■ AIM OF THE EXERCISE
Copy exactly the lines of the records below, and only those lines, beginning with the line that contains "And please note, if" and ending with the line that contains "When should you use MDX".

--- START ---

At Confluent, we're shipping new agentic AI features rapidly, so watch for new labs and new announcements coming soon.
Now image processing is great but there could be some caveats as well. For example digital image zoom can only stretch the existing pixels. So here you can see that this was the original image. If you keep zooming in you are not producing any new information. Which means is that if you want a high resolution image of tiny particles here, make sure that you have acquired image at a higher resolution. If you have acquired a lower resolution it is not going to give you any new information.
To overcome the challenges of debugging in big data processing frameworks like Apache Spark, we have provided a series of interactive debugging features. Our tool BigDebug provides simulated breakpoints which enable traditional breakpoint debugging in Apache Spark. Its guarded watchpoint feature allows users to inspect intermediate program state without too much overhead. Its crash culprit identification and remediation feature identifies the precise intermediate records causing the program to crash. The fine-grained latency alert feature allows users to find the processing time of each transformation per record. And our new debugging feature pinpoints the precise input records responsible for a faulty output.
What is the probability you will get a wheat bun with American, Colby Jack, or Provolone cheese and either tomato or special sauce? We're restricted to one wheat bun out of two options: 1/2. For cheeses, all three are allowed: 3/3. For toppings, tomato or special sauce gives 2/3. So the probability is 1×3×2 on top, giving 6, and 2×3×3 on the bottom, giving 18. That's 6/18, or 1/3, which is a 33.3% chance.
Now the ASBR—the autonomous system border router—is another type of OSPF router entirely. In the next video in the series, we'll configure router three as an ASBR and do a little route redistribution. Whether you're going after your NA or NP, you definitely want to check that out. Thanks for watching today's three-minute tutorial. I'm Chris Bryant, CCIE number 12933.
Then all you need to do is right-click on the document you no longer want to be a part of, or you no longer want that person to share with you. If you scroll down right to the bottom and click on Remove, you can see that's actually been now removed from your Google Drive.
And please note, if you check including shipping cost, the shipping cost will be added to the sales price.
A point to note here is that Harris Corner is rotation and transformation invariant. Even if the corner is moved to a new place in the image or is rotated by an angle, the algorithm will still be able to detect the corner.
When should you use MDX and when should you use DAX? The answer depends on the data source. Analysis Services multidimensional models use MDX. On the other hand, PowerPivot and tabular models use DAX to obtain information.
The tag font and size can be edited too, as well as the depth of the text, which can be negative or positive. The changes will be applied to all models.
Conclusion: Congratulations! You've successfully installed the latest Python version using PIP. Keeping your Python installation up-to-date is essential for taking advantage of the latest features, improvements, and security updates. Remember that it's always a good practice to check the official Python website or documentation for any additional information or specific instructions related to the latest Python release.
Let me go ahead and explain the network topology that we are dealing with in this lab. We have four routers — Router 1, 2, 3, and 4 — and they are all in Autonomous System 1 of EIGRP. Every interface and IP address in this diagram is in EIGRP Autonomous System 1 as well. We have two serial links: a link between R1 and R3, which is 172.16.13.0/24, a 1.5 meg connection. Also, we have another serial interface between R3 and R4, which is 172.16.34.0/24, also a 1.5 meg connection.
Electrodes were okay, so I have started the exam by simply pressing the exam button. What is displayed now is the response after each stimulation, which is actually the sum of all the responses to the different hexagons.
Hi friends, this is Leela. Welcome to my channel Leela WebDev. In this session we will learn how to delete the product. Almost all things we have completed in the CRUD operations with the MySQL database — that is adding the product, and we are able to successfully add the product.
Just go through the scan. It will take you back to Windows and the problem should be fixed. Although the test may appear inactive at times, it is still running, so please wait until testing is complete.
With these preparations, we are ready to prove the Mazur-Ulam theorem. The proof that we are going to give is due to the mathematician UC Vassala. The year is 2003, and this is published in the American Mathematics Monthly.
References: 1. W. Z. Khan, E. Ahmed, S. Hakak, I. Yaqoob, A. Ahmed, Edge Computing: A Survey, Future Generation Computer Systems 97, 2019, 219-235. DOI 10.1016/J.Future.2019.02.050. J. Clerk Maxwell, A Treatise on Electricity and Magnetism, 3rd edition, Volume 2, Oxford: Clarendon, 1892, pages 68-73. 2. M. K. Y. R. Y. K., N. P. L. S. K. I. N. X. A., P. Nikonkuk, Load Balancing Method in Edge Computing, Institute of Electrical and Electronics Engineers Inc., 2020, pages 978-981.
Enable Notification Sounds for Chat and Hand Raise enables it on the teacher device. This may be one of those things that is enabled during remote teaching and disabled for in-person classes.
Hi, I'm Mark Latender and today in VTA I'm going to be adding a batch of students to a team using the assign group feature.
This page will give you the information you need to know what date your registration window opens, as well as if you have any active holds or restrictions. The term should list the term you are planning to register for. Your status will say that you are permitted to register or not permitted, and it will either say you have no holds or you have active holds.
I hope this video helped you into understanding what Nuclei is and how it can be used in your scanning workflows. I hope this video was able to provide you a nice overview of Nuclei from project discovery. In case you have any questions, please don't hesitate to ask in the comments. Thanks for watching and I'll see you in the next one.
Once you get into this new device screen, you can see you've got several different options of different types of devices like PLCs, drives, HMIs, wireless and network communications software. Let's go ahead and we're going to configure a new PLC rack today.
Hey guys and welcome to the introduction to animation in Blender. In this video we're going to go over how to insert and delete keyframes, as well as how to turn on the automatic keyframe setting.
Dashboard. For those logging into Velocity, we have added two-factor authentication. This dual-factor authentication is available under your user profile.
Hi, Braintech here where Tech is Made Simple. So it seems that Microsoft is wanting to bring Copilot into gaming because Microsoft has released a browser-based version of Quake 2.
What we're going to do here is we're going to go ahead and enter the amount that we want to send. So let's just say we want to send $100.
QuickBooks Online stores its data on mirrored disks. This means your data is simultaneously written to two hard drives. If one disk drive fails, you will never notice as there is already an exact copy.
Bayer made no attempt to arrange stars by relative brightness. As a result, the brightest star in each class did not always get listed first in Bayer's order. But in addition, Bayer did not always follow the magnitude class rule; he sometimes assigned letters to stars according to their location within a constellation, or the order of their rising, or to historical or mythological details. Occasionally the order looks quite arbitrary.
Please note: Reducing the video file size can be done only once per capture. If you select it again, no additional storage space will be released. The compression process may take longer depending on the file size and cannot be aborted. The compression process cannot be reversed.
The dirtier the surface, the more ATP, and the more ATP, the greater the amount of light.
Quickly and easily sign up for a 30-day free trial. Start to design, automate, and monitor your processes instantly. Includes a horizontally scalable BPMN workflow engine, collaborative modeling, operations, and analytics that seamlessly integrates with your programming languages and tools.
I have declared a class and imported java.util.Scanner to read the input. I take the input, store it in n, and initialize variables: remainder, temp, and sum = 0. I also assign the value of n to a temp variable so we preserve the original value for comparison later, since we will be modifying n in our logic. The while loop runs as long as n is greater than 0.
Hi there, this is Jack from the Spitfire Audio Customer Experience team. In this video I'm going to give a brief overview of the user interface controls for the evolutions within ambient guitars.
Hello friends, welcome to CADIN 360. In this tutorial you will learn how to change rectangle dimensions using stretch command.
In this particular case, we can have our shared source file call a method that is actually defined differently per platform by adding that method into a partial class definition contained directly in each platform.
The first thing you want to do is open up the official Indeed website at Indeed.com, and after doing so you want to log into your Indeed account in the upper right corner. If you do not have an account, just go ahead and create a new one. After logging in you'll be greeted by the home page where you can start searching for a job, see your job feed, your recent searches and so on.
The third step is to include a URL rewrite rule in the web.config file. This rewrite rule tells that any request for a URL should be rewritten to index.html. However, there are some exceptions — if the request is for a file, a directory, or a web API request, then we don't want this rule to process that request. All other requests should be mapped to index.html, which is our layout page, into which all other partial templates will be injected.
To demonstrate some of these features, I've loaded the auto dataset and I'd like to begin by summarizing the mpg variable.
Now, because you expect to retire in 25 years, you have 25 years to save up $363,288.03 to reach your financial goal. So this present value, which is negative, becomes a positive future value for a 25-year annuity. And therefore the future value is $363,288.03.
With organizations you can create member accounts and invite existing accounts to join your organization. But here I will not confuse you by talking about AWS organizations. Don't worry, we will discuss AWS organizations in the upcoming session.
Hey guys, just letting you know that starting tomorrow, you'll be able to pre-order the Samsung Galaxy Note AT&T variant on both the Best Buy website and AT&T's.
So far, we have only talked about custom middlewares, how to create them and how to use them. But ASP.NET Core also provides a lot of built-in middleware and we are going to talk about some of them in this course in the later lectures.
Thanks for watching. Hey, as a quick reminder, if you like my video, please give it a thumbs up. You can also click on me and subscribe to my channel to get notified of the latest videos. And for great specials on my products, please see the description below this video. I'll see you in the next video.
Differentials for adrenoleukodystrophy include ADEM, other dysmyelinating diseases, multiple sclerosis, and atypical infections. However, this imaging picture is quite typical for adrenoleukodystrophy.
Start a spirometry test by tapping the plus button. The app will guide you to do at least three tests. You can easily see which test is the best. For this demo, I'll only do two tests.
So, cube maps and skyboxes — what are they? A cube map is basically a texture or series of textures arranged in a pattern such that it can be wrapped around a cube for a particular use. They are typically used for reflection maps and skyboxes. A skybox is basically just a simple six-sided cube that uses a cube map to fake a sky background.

--- END ---

■ SOLUTION TO THE EXERCISE
And please note, if you check including shipping cost, the shipping cost will be added to the sales price.
A point to note here is that Harris Corner is rotation and transformation invariant. Even if the corner is moved to a new place in the image or is rotated by an angle, the algorithm will still be able to detect the corner.
When should you use MDX and when should you use DAX? The answer depends on the data source. Analysis Services multidimensional models use MDX. On the other hand, PowerPivot and tabular models use DAX to obtain information.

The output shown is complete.